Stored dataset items
BEGIN

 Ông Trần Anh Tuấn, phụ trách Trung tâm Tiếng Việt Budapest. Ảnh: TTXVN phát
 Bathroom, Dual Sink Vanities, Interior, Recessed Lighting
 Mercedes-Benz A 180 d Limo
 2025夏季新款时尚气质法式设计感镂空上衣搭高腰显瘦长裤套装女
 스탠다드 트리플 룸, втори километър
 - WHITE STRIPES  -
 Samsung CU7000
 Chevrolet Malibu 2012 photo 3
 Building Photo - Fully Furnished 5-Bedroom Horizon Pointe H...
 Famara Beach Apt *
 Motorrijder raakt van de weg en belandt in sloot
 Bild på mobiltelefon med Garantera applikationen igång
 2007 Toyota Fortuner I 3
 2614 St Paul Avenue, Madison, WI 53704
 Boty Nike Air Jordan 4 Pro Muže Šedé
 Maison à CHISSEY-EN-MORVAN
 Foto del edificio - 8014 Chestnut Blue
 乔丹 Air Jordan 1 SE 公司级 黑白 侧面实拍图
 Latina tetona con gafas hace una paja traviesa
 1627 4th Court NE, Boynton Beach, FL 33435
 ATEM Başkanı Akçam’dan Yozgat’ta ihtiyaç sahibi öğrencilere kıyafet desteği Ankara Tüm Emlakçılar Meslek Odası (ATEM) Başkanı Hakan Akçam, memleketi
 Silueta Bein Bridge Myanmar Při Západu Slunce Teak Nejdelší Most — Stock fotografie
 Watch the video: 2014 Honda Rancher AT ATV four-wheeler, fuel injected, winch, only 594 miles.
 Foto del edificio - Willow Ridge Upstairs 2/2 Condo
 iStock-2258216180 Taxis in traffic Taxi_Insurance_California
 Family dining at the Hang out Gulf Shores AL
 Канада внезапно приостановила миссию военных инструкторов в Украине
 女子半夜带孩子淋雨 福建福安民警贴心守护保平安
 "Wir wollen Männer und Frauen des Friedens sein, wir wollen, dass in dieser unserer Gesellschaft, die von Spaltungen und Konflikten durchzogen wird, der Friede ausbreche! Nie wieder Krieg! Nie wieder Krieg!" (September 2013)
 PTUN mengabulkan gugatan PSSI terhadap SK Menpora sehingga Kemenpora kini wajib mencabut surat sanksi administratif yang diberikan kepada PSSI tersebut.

END

### [What is expected]
Nothing but the lines from the one containing "wollen Männer und" through the end of the entries belongs in the answer; repeat them exactly.

### [Exercise solution]
 "Wir wollen Männer und Frauen des Friedens sein, wir wollen, dass in dieser unserer Gesellschaft, die von Spaltungen und Konflikten durchzogen wird, der Friede ausbreche! Nie wieder Krieg! Nie wieder Krieg!" (September 2013)
 PTUN mengabulkan gugatan PSSI terhadap SK Menpora sehingga Kemenpora kini wajib mencabut surat sanksi administratif yang diberikan kepada PSSI tersebut.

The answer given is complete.